Dagegen fällt die aktuelle Lage der mittelfränkischen IHK-Unternehmen überraschend gut aus. Die Statistik der IHK weist einen leichten Knick nach oben aus, sie Lagebeschreibung bewegt sich seit dem Herbst 2022 im positiven Bereich – wenn auch im Zickzackkurs.

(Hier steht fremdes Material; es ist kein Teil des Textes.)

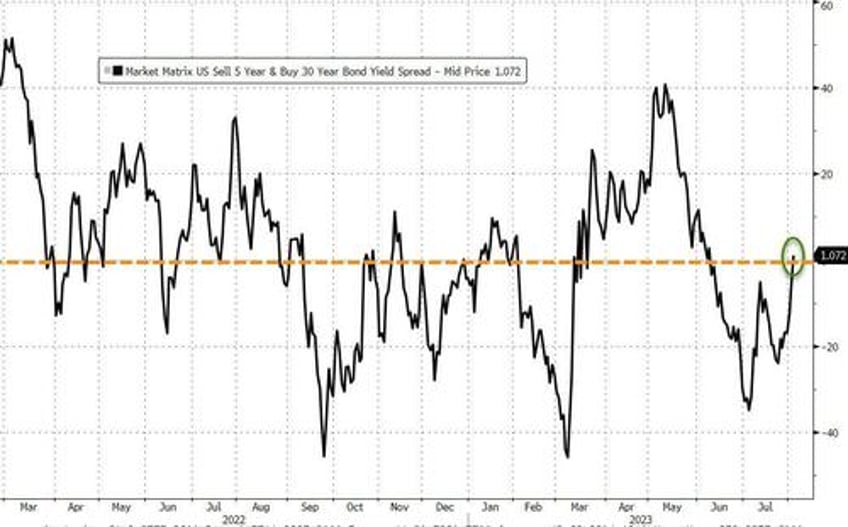 bond bloodbath builds yield curve steepens black gold bounces ahead of payrolls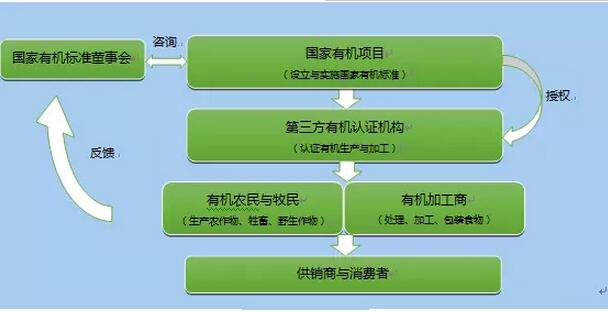 裘成:美国农业部如何扶植有机农业(图4)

Die Trübsal in den Unternehmen hat allerdings eine negative Konsequenz. „Die Stimmung macht die Investitionen“, erklärt IHK-Chefvolkswirt Udo Raab. Daher sei die IHK über die „Wachstumsverhinderungsstimmung“ besorgt. Und mit Blick auch die schwachen Exportaufträge macht er den Unternehmen Mut. Es gehe nicht um den günstigsten Preis, um in den Auslandsmärkten zu punkten. „Mit innovativen und energieeffizienten Produkten und Maschinen lassen sich Marktanteile halten oder gar gewinnen.“
Doch momentan haben die Unternehmer ganz andere Sachen im Kopf. Zwei Drittel von ihnen äußern Sorge über die wirtschaftspolitischen Rahmenbedingungen, die sie als Gefahr für den Wirtschaftsstandort sehen. Begründet werden die Klagen u. a. mit der altbekannten hohen Bürokratielast und deren Kosten sowie zunehmenden Hemmnissen im internationalen Handel. Auch die Unklarheit über staatliche Regelungen und Förderprogramme – Stichwort Heizungsgesetz und Elektromobilität – drückt die Stimmung. Immer noch mehr als die Hälfte der Betriebe klagt weiterhin über zu hohe Energie- und Rohstoffpreise. Allerdings hat hier der Preisdruck im letzten Jahr nachgelassen hat. Auch die gesunkene Inlandsnachfrage und die gestiegenen Arbeitskosten werden als Risiken für die Betriebe und den Standort genannt.